Pastor's Desk

16th Sunday in Ordinary Time – C

“Martha & Mary: A Story of Worth”

          I never liked this story because it didn’t seem just to me.  However, Jesus is not condemning good deeds to praise contemplation.  He has just finished telling last week’s story of the Good Samaritan’s good deeds, at the end of which he tells his disciples to “go and do the same.”  He simply reminds Martha of the importance of listening to the Lord and why and for whom she labors.  The story is meant to balance the story of the Good Samaritan, not to condemn Martha’s hard work.  It’s not an either-or, but a both-and!  It’s a matter of action and contemplation.

          I suppose this story can be read on many levels.  Every time I study this text, it has spoken to me from a variety of directions – depending on where I was in my own life and experience or in my ministry.  But this time, it took on a new meaning!  After I read it over several times this past week, I kept saying to myself, “This story is about self-worth!  I know these two women!  I have talked to these women; in the grocery, in my office, in my family and at a bedside in a Hospice Unit.

There are people like this in our society.  Martha is that part of us that believes that we are not worth much unless we do a lot!  Martha is that part of us that is always “anxious,” always lecturing that we ought to be ashamed of ourselves for not being perfect.  Martha is that part of us that believes that if we accomplish a lot, we can make up for all of our deficiencies or human imperfections!  Martha is that side of us that believes our worth is directly connected to what we do.  A “Martha in our head, can totally exhaust us with her “busyness about many things.”

The older I become, Mary makes much so more sense.  Mary is that side of us that knows that we are already loved and so she doesn’t have to do anything but enjoy it!  Mary is that side of us that wants to believe that God loves us, unconditionally, and we are worth more than we can ever imagine, just because we are, not because we are Doctors, Nurses, Electricians, Plumbers, Police Officers, Attorneys, Housewives; not because we have earned this degree or that degree!  Martha makes us anxious and self-doubting!  Mary, on the other hand, soothes us and encourages us, gives us rest and makes us proud to be just who we are.  We all need to get to know Mary better!  Martha is trying to get God to lover her!
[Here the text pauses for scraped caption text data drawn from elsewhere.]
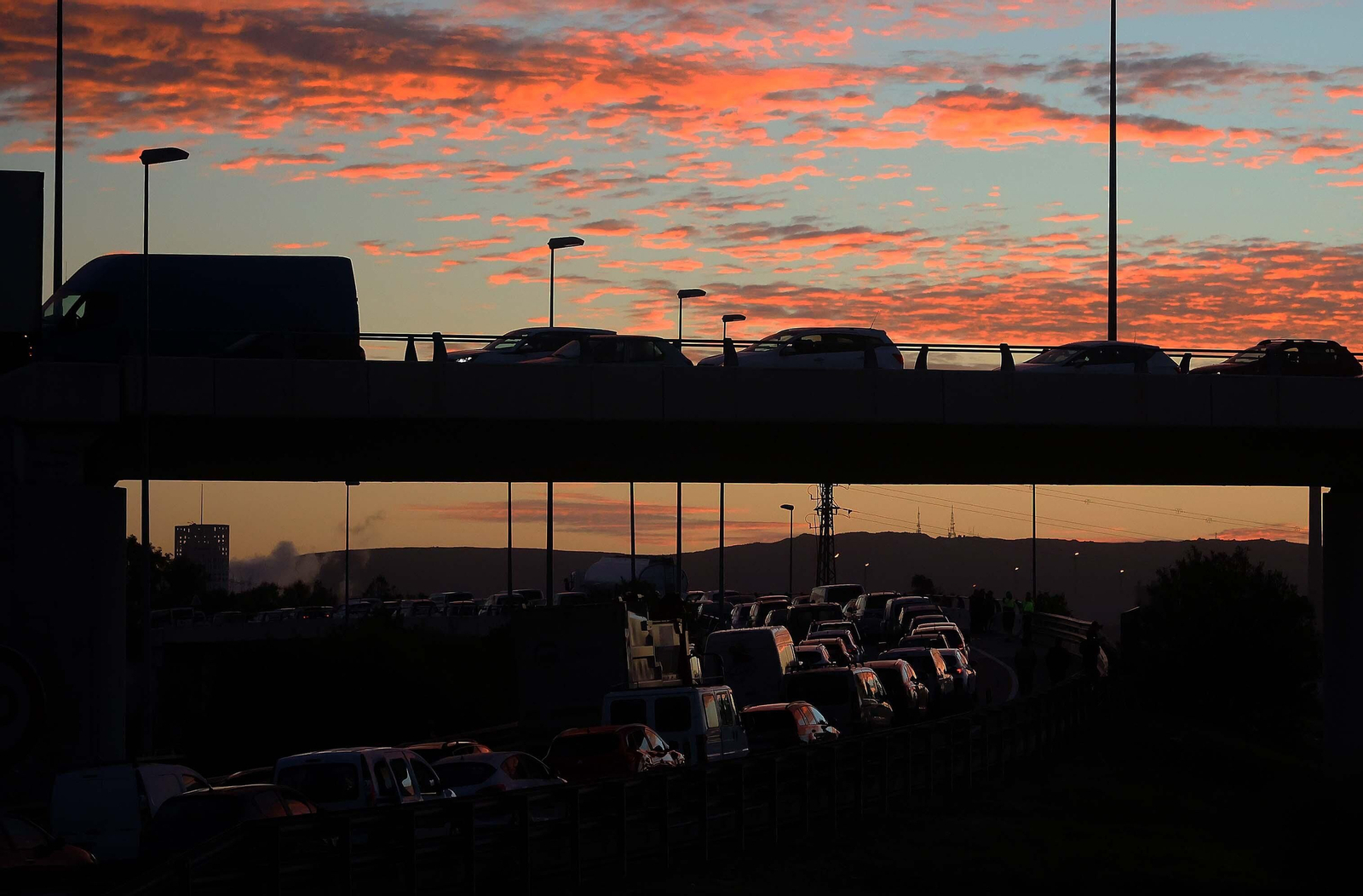 El nuevo corte de la A7 por los huelguistas de Acerinox, en imágenes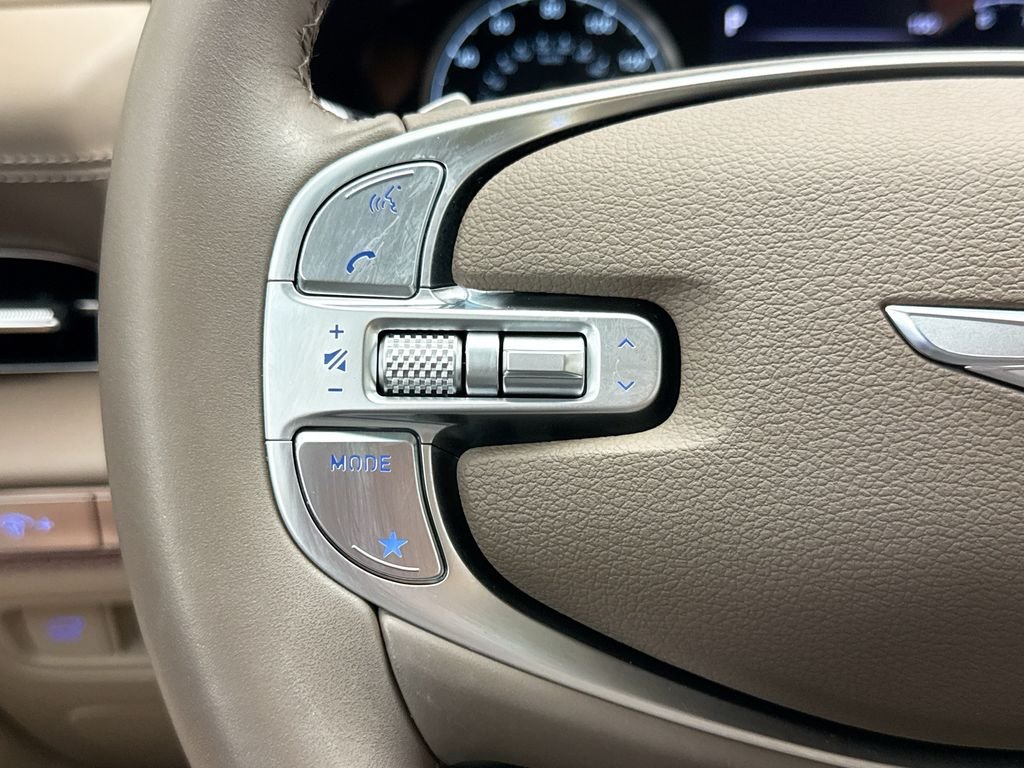 Used 2024 Silver Genesis 2.5T image 11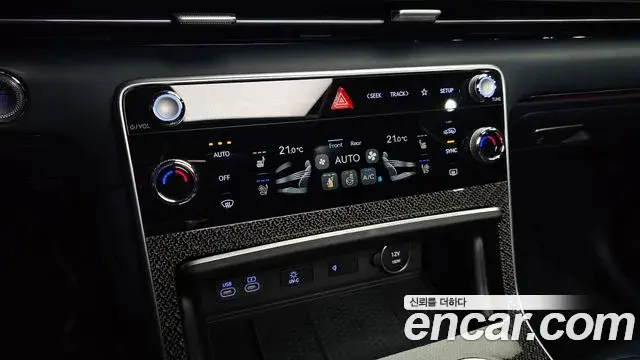 Genesis GV80 Coupe 2024 — ფოტო 13/33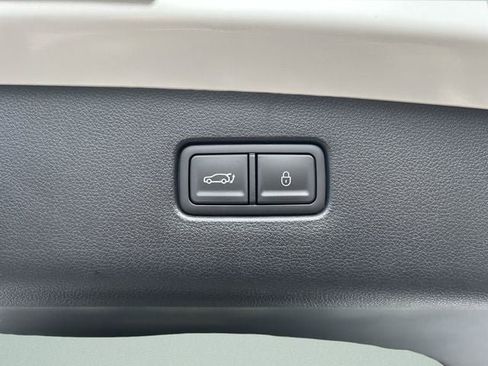 Used 2026 Genesis GV70 2.5T AWD/4WD image 16
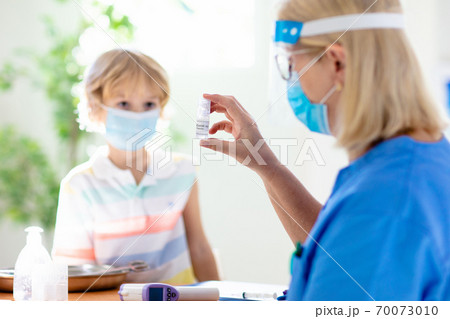 Coronavirus vaccination. Covid-19 vaccine. Coronavirus vaccination. Covid-19 vaccine. 70073010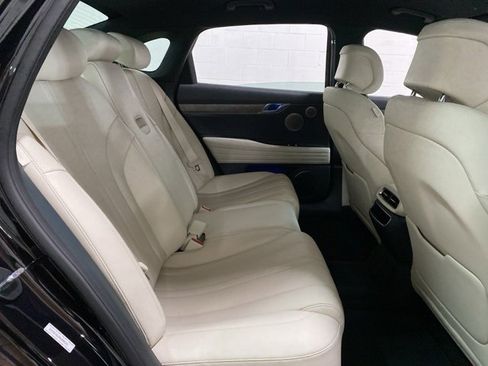 Used 2024 Genesis G80 image 21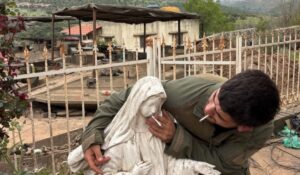 Soldado israelí coloca cigarrillo en estatua de Virgen María; el vídeo se viraliza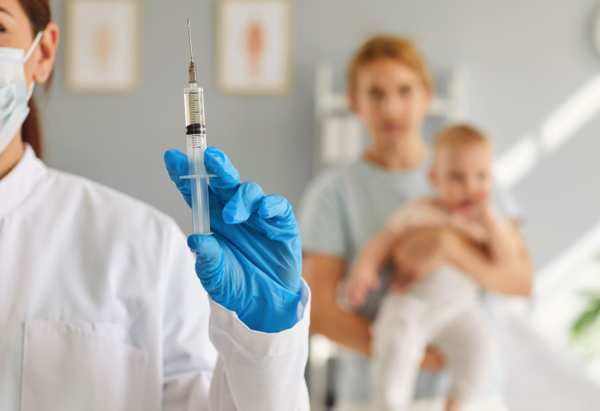 female-professional-nurse-doctor-with-flu-coronavirus-vaccine-1 female-professional-nurse-doctor-with-flu-coronavirus-vaccine-1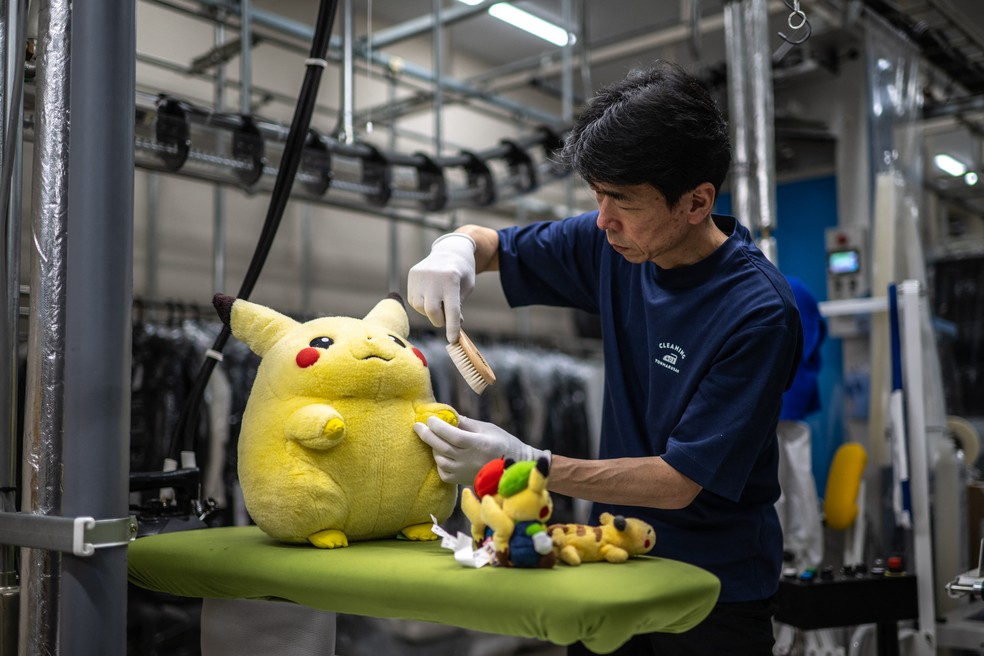 Empresa de limpeza viraliza no Japão por serviço de 'spa para pelúcias' — Foto: PHILIP FONG / AFP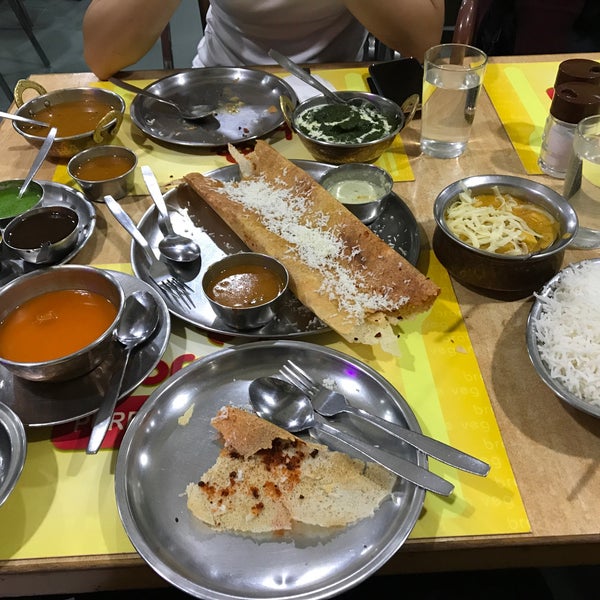 Das Foto wurde bei Branto Indian Vegetarian Restaurant von Jade F. am 6/16/2017 aufgenommen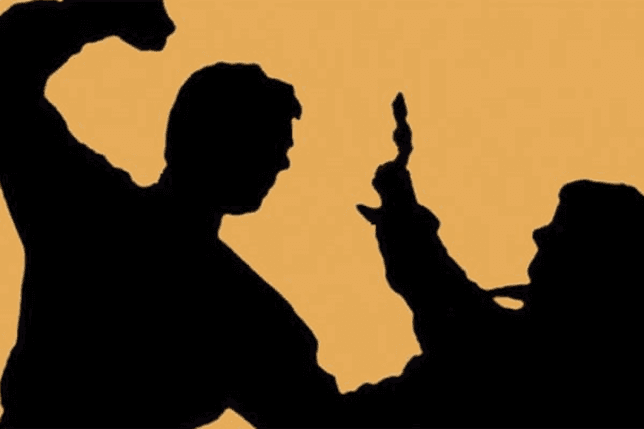 Viral di Medsos; Pelaku Pemukulan Karyawan Hanung Bramantyo dan Zaskia Mecca adalah Prajurit TNI - Image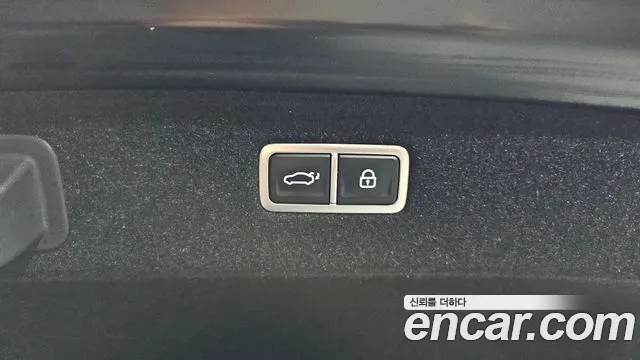 Genesis G90 Бензин 3.5 турбо AWD — Фото автомобиля 21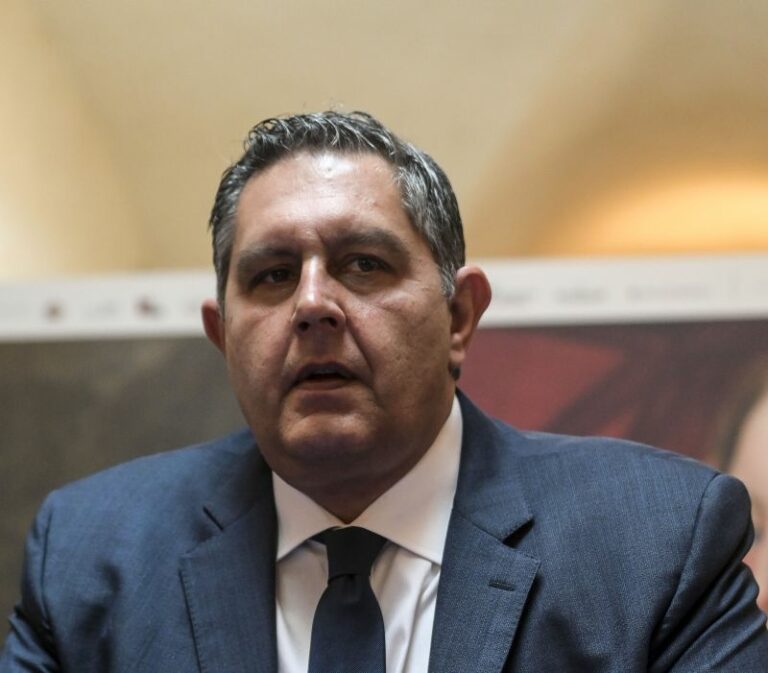 Covid, Toti “Ora inizia la vera convivenza con il virus”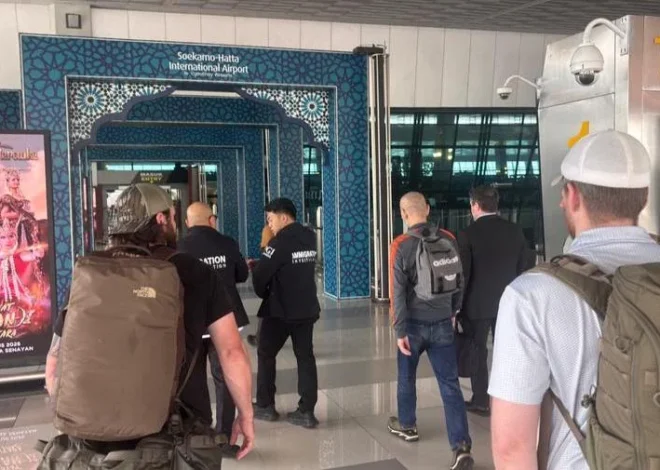 Bokep Viral Indo Buronan ngentot AS Tertangkap di Depok, Dideportasi berdua Donasi US Marshals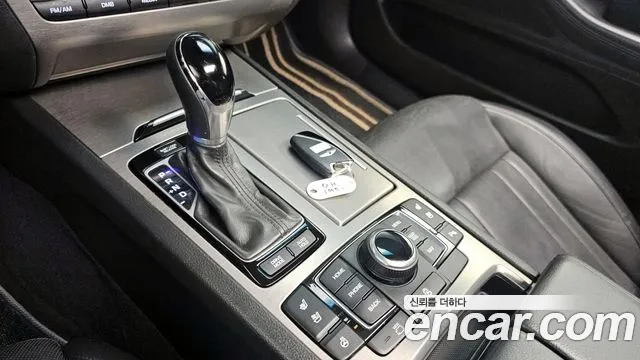 Hyundai Genesis 2016 — фото 9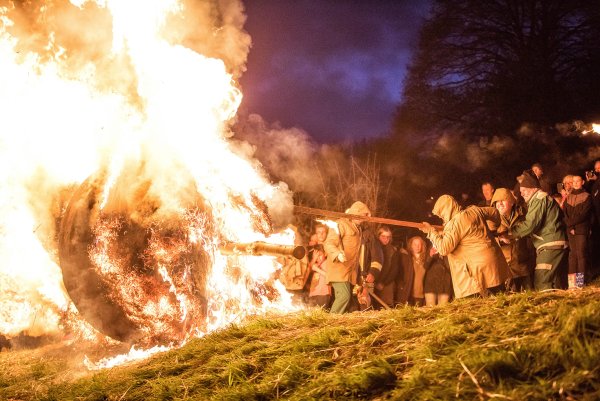 Der Osterräderlauf in Lügde ist im Jahr 2018 in das bundesweiter Verzeichnis aufgenommen worden, im nordrhein-westfälischen Verzeichnis ist das Brauchtum bereits seit 2014 aufgeführt. - © Archivfoto: Torben Gocke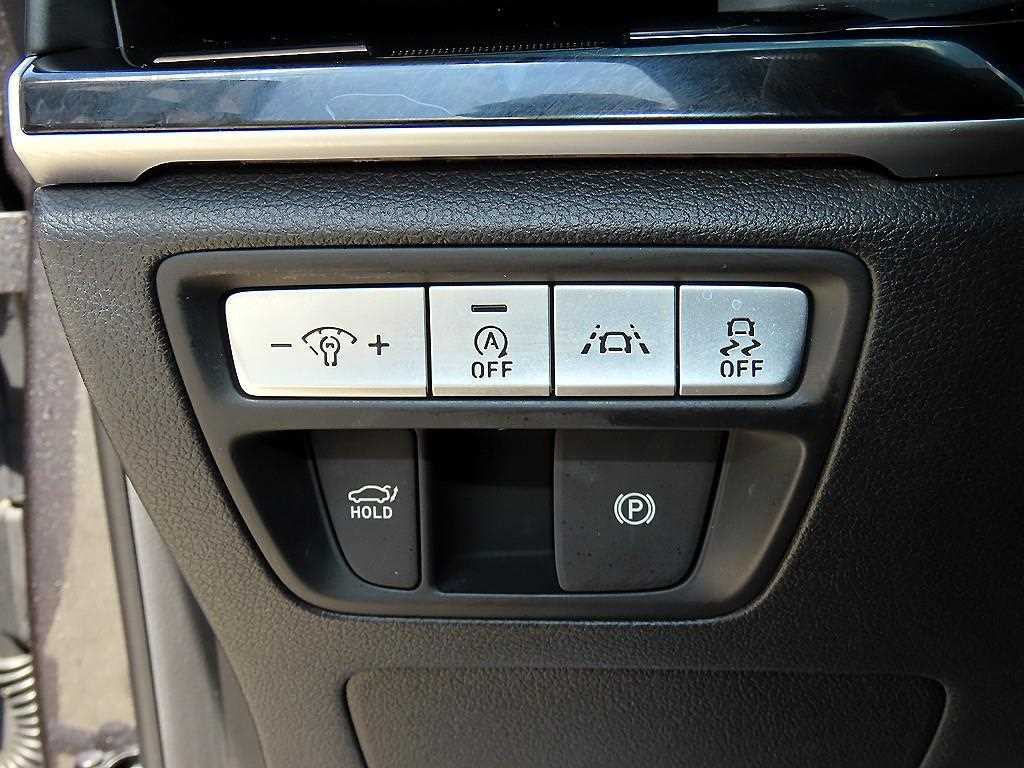 Genesis G80 — photo 13
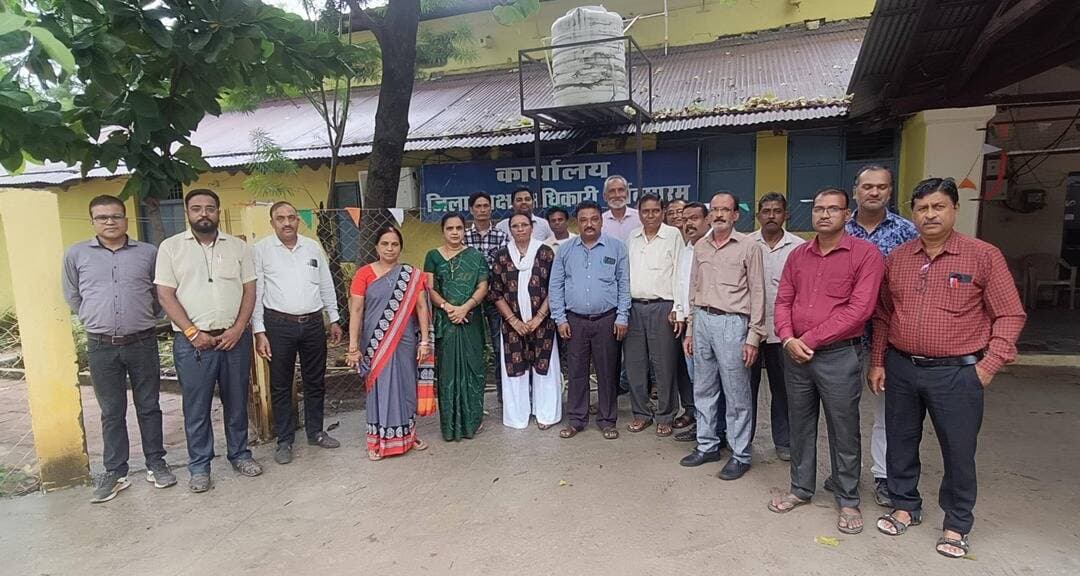 लोक शिक्षण संचालनालय में कथित अभद्रता और हिंसा के प्रयास के विरोध में शिक्षा विभाग के कर्मचारियों का प्रदर्शन
नर्मदापुरम में अधिकारियों-कर्मचारियों ने किया कलमबंद आंदोलन, दोषियों पर कार्रवाई और कड़ी सुरक्षा की मांग
नर्मदापुरम भोपाल स्थित लोक शिक्षण संचालनालय कार्यालय में 20 अगस्त 2026 को धरना प्रदर्शन के दौरान अधिकारियों एवं कर्मचारियों के साथ कथित अभद्रता, अशिष्टता और हिंसा के प्रयास के विरोध में शिक्षा विभाग के अधिकारी-कर्मचारियों में आक्रोश है। घटना के विरोध में स्कूल शिक्षा विभाग से जुड़े संगठनों के प्रांतीय आह्वान पर 21 अगस्त से प्रदेशभर में सविनय कार्य अवज्ञा आंदोलन शुरू किया गया है।
इसी क्रम में जिला शिक्षा अधिकारी कार्यालय नर्मदापुरम के अधिकारियों एवं कर्मचारियों ने कलमबंद हड़ताल कर धरना-प्रदर्शन किया। प्रदर्शन के दौरान कर्मचारियों ने भोपाल की घटना की निंदा करते हुए लोक सेवकों की सुरक्षा सुनिश्चित करने और कथित रूप से जिम्मेदार आंदोलनकारियों के खिलाफ नियमानुसार कानूनी कार्रवाई की मांग उठाई।
भोपाल की घटना के बाद कर्मचारियों में नाराजगी
बताया गया कि 20 अगस्त को भोपाल स्थित लोक शिक्षण संचालनालय में आयुक्त अभिषेक सिंह सहित कार्यालय में कार्यरत अधिकारी-कर्मचारियों के साथ धरना प्रदर्शन कर रहे समूह द्वारा कथित तौर पर अभद्रता और अशिष्टता की गई। प्रदर्शनकारियों पर हिंसा का प्रयास करने के भी आरोप लगाए गए हैं।
घटना के बाद अधिकारियों और कर्मचारियों में असंतोष का माहौल बना। कर्मचारियों का कहना है कि यदि शासकीय कार्यालयों में ही लोक सेवक सुरक्षित महसूस नहीं करेंगे तो शासकीय कार्यों का संचालन प्रभावित होना स्वाभाविक है।
सुरक्षा और कानूनी कार्रवाई की मांग
घटना के विरोध में लोक सेवकों की सभा आयोजित की गई, जिसमें घटना की कड़ी निंदा करते हुए शासकीय कार्यालयों और कर्मचारियों की सुरक्षा सुनिश्चित करने की मांग की गई।
कर्मचारियों ने मांग की है कि घटना के लिए जिम्मेदार लोगों की पहचान कर नियमों के तहत कानूनी कार्रवाई की जाए, ताकि भविष्य में इस प्रकार की घटनाओं की पुनरावृत्ति न हो।
प्रदेशभर में आंदोलन का ऐलान
स्कूल शिक्षा विभाग के विभिन्न संगठनों के प्रांतीय आह्वान पर 21 अगस्त से मध्यप्रदेश के सभी जिलों में जिला शिक्षा अधिकारी कार्यालय सहित अन्य संबंधित कार्यालयों में सविनय कार्य अवज्ञा आंदोलन शुरू किया गया है।
नर्मदापुरम में भी अधिकारी-कर्मचारियों ने कलमबंद हड़ताल और धरना प्रदर्शन के माध्यम से अपना विरोध दर्ज कराया। कर्मचारियों का कहना है कि उनकी मांगों पर ठोस कार्रवाई होने तक आंदोलन जारी रखने को लेकर संगठन स्तर पर आगे निर्णय लिया जाएगा।
अब नजर शासन और प्रशासन की कार्रवाई पर है कि लोक शिक्षण संचालनालय में हुई घटना के आरोपों की जांच किस स्तर पर होती है और लोक सेवकों की सुरक्षा को लेकर क्या ठोस कदम उठाए जाते हैं।
#Narmadapuram #NarmadapuramNews #MPNews #MadhyaPradesh #SchoolEducationDepartment #EducationDepartment #LokShikshan #Protest #Strike #KalamBandhHartal #TeachersProtest #EmployeeProtest #GovernmentEmployees #BhopalNews #AbhishekSingh #EducationNews #BreakingNews #ViralNews #JansamparkDigital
Through her hard work.  Mary knows that God already does!

Many of us grew up believing that God’s love is conditional. Therefore, we had to do certain things and refrain from certain things in order to prove worthy of God’s love.  We had to have the right membership, know the correct belief and perform the proper ritual in order for God to love us!  This is poor theology!  Don’t worry about it, God already loves you and me, end of story! 

God may not approve of all our actions and may leave us to reap what we have sown and be accountable for our sins, but He never withholds His love!

          Our world is crowded with people who are self-doubting and feel unloved, by their church and even by their God!  Because they feel unloved, they desperately look for it, often in all the wrong places – sex, drugs, alcohol, eating, gambling, and more often than that, settle for pain-killers or even take their own lives.  There is an African Proverb that says, “It takes a village to raise a child,” yet there are many who grow up without even one person to model love for them and teach them self-worth, while thousands model hate, discrimination and teach children to doubt their self-worth!  Even the church has contributed to their self-doubt by going so far as to call even God’s love for them into question.

          Hear this loud and clear, we are all worthy, not because church leaders grant it or say we are, but because of who we are!  Recovering Alcoholics, those addicted to drugs, the divorced, women, homosexuals, ex-Catholics, and those who dare to ask questions are somehow seen as “defective” and therefore deserving of that “withholding of blessings” that makes some people in our society feel so righteous!  We are worthy – all of us!  We are loved – all of us!  We can refuse that love, and sometimes we do, through sin.  Others may cause us to doubt it at times.  But neither they or you can stop it, no matter what!  God has made up his mind on this and there is no changing it.  God is love!  This is the Gospel!  This is what kept Mary spellbound in the living Room!  This is what Jesus wanted, for Martha to come out of her busy kitchen to hear!  The Good News of Jesus Christ is the message of Love!  Let us all love one another!